For other uses, see Southern Football League (disambiguation).
Southern_League.png

Southern League logo

The Southern League (currently known under the terms of a sponsorship deal as the British Gas Business Southern League) is an English football league for semi-professional and amateur teams, covering South West and South Central England, the Midlands, and parts of Wales.

History

Professional football (and professional sport in general) developed more slowly in southern England than in the north. Professionalism was sanctioned by the Football Association as early as 1885, but when the Football League was founded in 1888 it was based entirely in the north and midlands with the establishment and county FA's in the south being firmly opposed to professionalism.

Royal Arsenal (nowadays simply Arsenal) were the first London club to turn professional in 1891 and were one of the prime motivators behind an attempt to set up a Southern League to mirror the existing Northern- and Midlands-based Football League. However, this venture failed in the face of opposition from the London FA and Royal Arsenal (by then renamed Woolwich Arsenal) joined the Football League as its only representative south of Birmingham in 1893.
Nonetheless, the Southern League, a competition for both professional and amateur clubs, was founded in 1894 and soon became the dominant competition outside the Football League in southern and central England. Indeed, in 1907, it accepted Bradford Park Avenue, a top northern club as a member, reflecting its senior position at the time.

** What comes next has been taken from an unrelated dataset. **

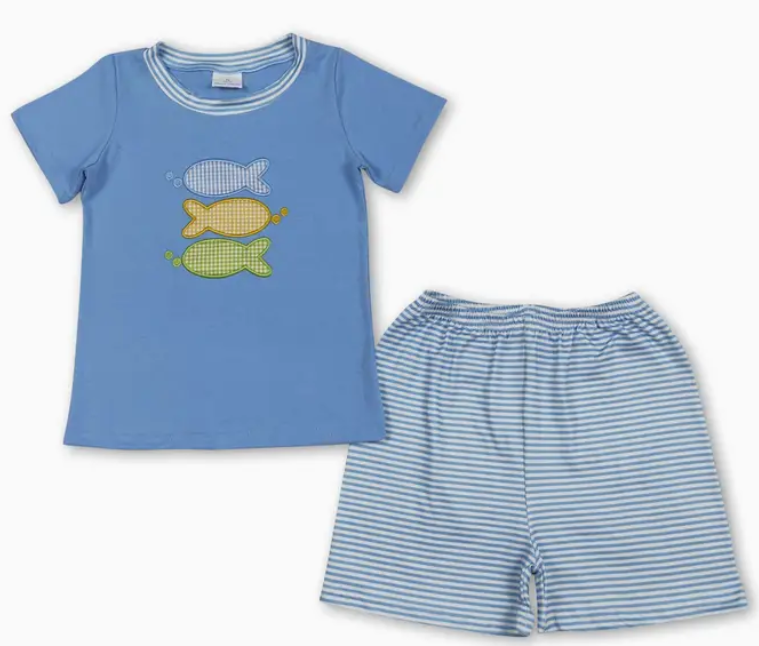 Blue Fish Appliqué Set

Whilst still a Southern League club, Tottenham Hotspur became the first and so far only team to win the FA Cup after the establishment of the league as a non-league club; this happened in 1901, although Southampton reached the final in 1900 and 1902 showing the strength of the Southern League. The relative strengths of the two leagues was during this period elucidated through the annual Charity Shield.

In 1920, virtually the entire top division of the Southern League was absorbed by the Football League to become that league's new Third Division. A year later this became the Third Division South, the delay in the incorporation of the Third Division North being due to the lack of an overall coherent structure in the North outside of the Football League.

For the next six decades, the Football League and Southern League would exchange a limited number of clubs as a result of the older league's re-election process. From 1920 on, the Southern League's status as a semi-professional league was firmly established.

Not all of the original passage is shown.